Around 2019, Franklin moved back to Tasmania to lead the Australian Research Council-funded project "Creating the Bilbao Effect: MONA and the Social and Cultural Coordinates of Urban Regeneration Through Art Tourism". As part of this, he published an article in 2019 "Where 'Art Meets Life': Assessing the Impact of Dark Mofo, A New Mid-Winter Festival in Australia".

As of 2024 he was adjunct research professor of creative industries at UniSA (now part of Adelaide University).
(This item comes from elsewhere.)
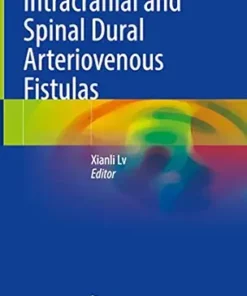 Intracranial And Spinal Dural Arteriovenous Fistulas (PDF)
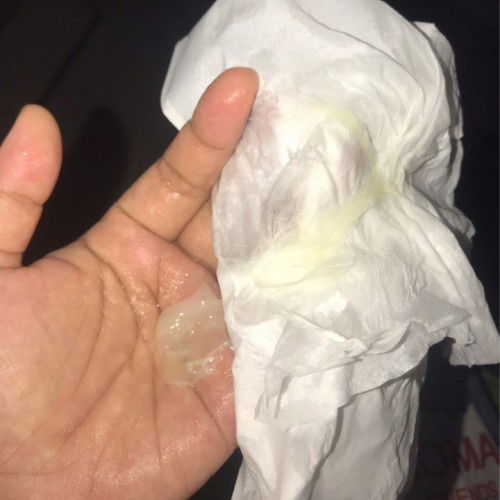 Masi di php 37 week 1 day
His research interests include "the ethnographic analysis of festivals, rituals, travels and 'events'; art museums and art publics; art tourism; culture-led urban regeneration, urban anthropology and human-animal studies".

==Other activities==
Franklin was a panellist on the ABC Television series Collectors which ended in 2011.

==Recognition==
In 2009, Franklin was Distinguished Visiting Professor at the University of Auckland in Auckland, New Zealand.

==Books==
- Squatting in England, 1969–79: A Case Study of Social Conflict in Advanced Industrial Capitalism (Working Paper 37, School for Advanced Urban Studies, University of Bristol, 1984)
- Experts, Landlords and Tenants: The Private Rented Sector in Bristol (Policy Press 1992)
- New homes for home owners. London: HMSO. 1993. (with Forrest, RS., Murie, A., Gordon, D., Burton, PA., Doogan, KJ) (147pp).1993
- Home from Home - Refugees in Tasmania. Canberra: Department of Immigration and Multicultural Affairs, AGPS. 1997. (with Roberta Julian and Bruce Felmingham)
- Animals and Modern Cultures: A Sociology of Human–Animal Relations in Modernity (Sage 1999)
- Nature and Social Theory (Sage, 2002)
- Tourism (Sage, 2003)
- Animal Nation: The True Story of Animals and Australia (University of New South Wales Press, 2007)
- A Collectors Year (New South 2008)
- Collecting the 20th Century (University of New South Wales Press/Powerhouse Museum, 2009)
- City Life (Sage, 2010)
- Retro: A Guide to the Mid-Twentieth Century Design Revival (Bloomsbury, 2013)
- The Making of MONA (Penguin, 2014)
- Tom Moore - Abundant Wonder. Wakefield Press (about glass artist Tom Moore; with Lisa Slade and Mark Thomson, 2020)
- Anti-museum (Routledge, 2020)
- The Routledge International Handbook of More-than-Human Studies (editor; 2024)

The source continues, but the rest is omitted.